ここまで堀前監督には、特に昨年クラブが大変難しい局面の中で、監督を引き受けていただき、クラブの求心力が問われる中でチームのモチベーションや一体感を上げる、この辺りのコントロールがとても難しい環境にあったと思うのですが、そこを100%の力を発揮して乗り越えていただき、今シーズンもスタートいただいたと思っております。改めましてこの場ではありますが、堀さんに深く感謝申し上げたいと思っております。

堀さんが担ってきた前半のヴェルディは、それもヴェルディの一つの道のりではあるのですが、ここから先の成長ステップアップ、進化を実現する上で、新体制という形で後半戦以降は戦っていきたいと考えています。

今シーズンのヴェルディは、UNITE AS 1 -Going Forward-(ユナイト・アズ・ワン・ゴーイング・フォワード)というスローガンをシーズン当初から掲げさせていただいています。
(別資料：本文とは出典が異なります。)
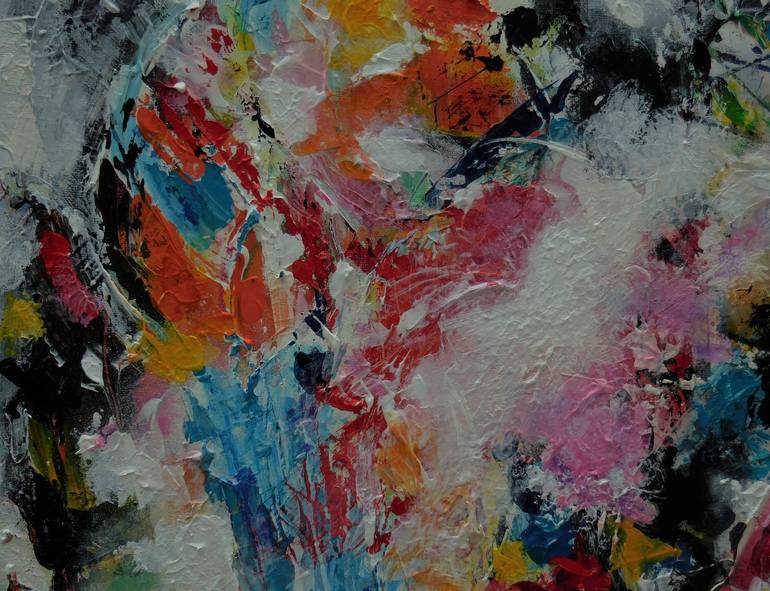 Original Abstract Floral Painting by Karel Van Camp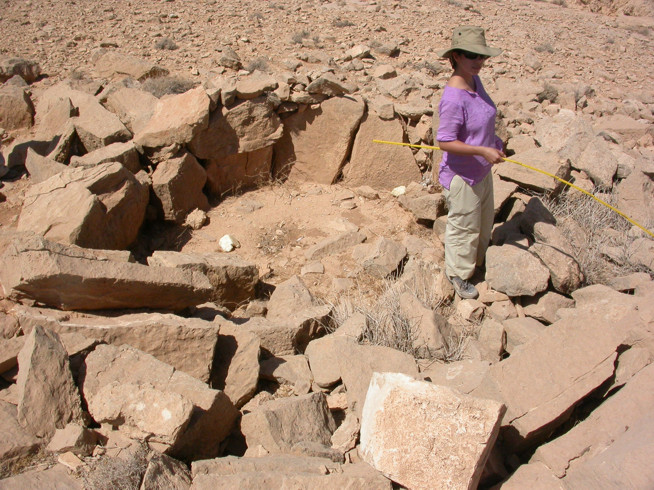 A person wearing a pink shirt and hat stands in a rocky archaeological excavation site in a desert landscape.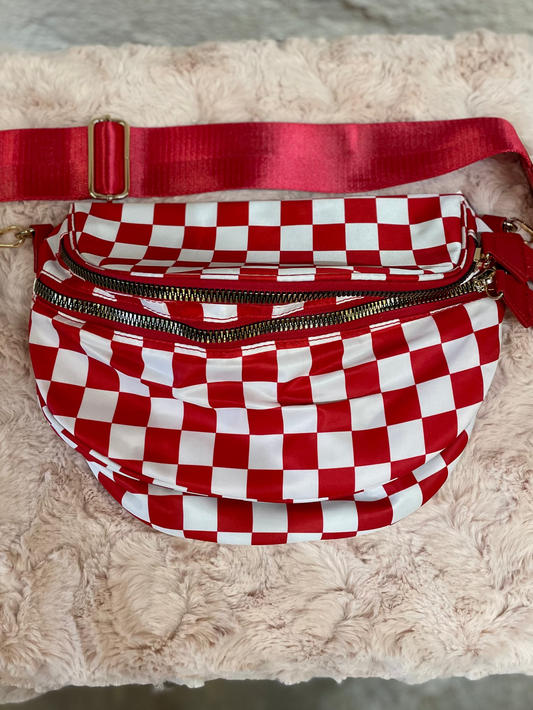 RED/WHITE CHECKERED TWO ZIPPER BUM BAG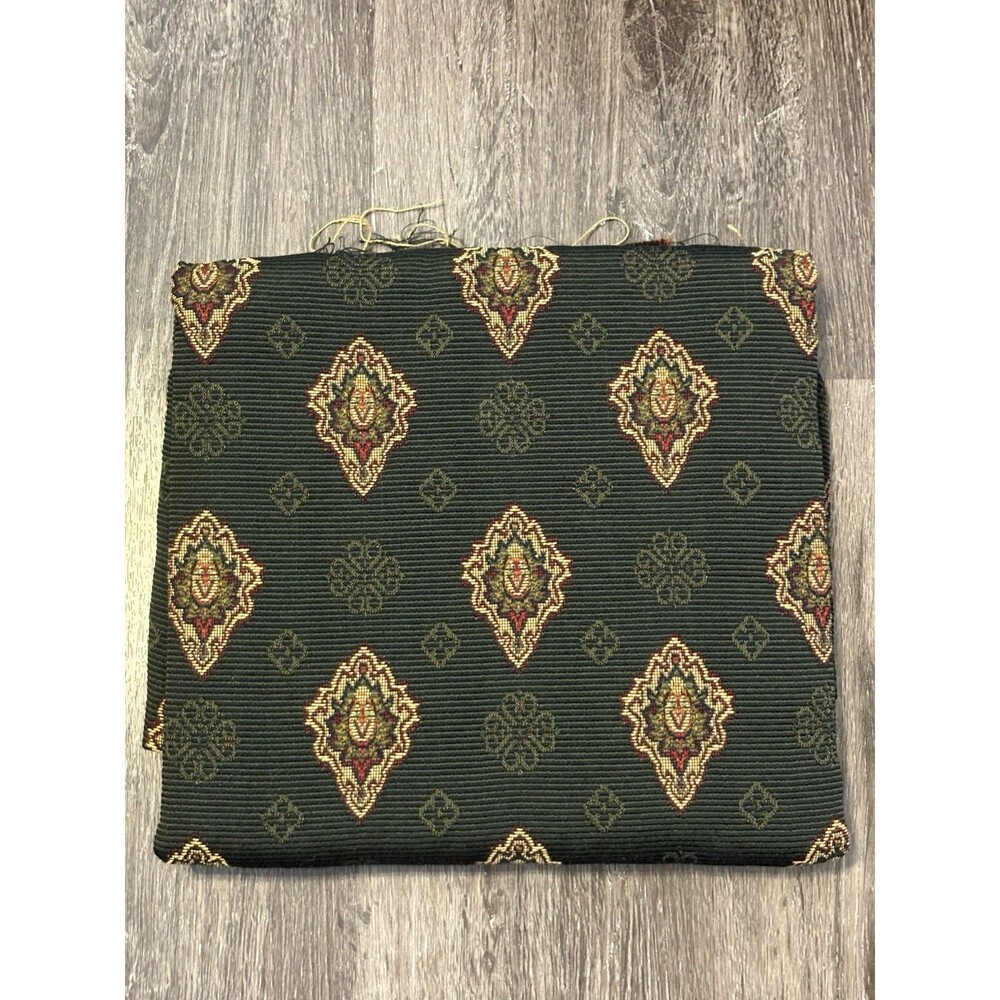 Green Ribbed Fabric Medallion Jaquard Pattern 54x78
このスローガンから考えて、今回の決定や歩みは、クラブとしては変わっていないと思っております。 我々が一つになって、1人1人が持てる力を100%発揮して、そして前に進んでいく。それが実現できれば、必ず良い結果が生まれると思ってますし、それを後半戦(22節目以降)1試合1試合、目の前の試合にしっかりと向かいながら、勝利を積み重ねていきたいと考えています。

 

ーークラブに対するリクエストや要求が出ていると思うが、練習環境など現場をバックアップするためのプランはありますか。

城福監督の就任に関わらず、クラブとして改善すべきことは多くあると考えています。練習場所であったりとか、トレーニング環境、ベレーザ、育成組織も含めて、その全てがヴェルディを構成してますから、それをいかに成長改善、進化させていくのかということだと思います。それに向けてクラブとして、着実に手を打っていきたいとは考えています。併せて、城福監督がサッカーを指揮していく上で、必要となってくる部分は、強化部の考えも聞きながら、そのすり合わせの中で、やるべきことをやっていこうと考えています。